O Instituto Federal de Educação, Ciência e Tecnologia de Rondônia (IFRO), Campus Cacoal, realizou, em fevereiro, a oficina “Do Conhecimento à Ação: Identificando Deficiências e Estruturando o PEI”, com o objetivo de capacitar professores e fortalecer as práticas de educação inclusiva na instituição. A atividade buscou ampliar o conhecimento dos docentes sobre as deficiências atendidas no campus e orientar a construção do Plano Educacional Individualizado (PEI), instrumento essencial para o planejamento pedagógico e para o acompanhamento do desenvolvimento dos estudantes público-alvo da educação especial.
Durante a formação, os professores tiveram acesso a conteúdos relacionados à identificação das deficiências e às suas implicações no processo de ensino e aprendizagem. A proposta também buscou sensibilizar os docentes quanto à importância de práticas pedagógicas mais flexíveis e pautadas na equidade. Em relação ao PEI, foram apresentados a sua estrutura, a definição de objetivos, as adaptações curriculares, as estratégias metodológicas e as formas de avaliação, além de momentos destinados ao esclarecimento de dúvidas e à realização de atividades práticas.
A oficina também incentivou o trabalho colaborativo entre os professores, a equipe pedagógica e o Núcleo de Atendimento às Pessoas com Necessidades Educacionais Específicas (NAPNE), com a proposta de transformar o conhecimento teórico em ações concretas no cotidiano escolar. A elaboração estruturada do PEI contribui para organizar o acompanhamento dos estudantes e favorecer intervenções pedagógicas mais assertivas.
A Coordenadora Michelle Ayres destacou que a inclusão educacional envolve não apenas garantir o acesso dos estudantes à escola, mas também adequar as práticas pedagógicas às suas necessidades específicas, promovendo condições para a permanência e o êxito na trajetória acadêmica.
“Todas as instituições de ensino já devem garantir a inclusão dos estudantes público-alvo da educação especial. No entanto, é fundamental que a escola adeque suas metodologias, considerando tanto as necessidades do aluno quanto o papel do professor nesse processo. O professor e a equipe pedagógica são o primeiro pilar para que possamos oferecer uma educação especial de qualidade.
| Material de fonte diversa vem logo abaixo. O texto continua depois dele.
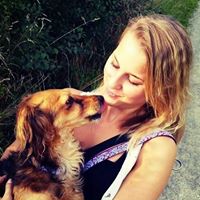 Samantha Roth Photo 15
Conscientizar sobre a importância de um currículo flexível e adotar um olhar voltado à equidade é o que possibilita um processo de ensino e aprendizagem verdadeiramente significativo para nossos alunos”, afirmou Ayres.
A capacitação foi solicitada ao NAPNE pela equipe da Diretoria de Ensino (DE) e da Diretoria de Assistência ao Educando (DAPE), como parte das ações de formação continuada previstas no calendário acadêmico do campus. A proposta é dar continuidade à oferta de capacitações e formações específicas voltadas a diferentes tipos de deficiência e transtornos. O objetivo é possibilitar aos professores o aprofundamento de seus conhecimentos e o aprimoramento de estratégias pedagógicas, promovendo maior segurança na adaptação de metodologias e no atendimento às necessidades educacionais dos estudantes.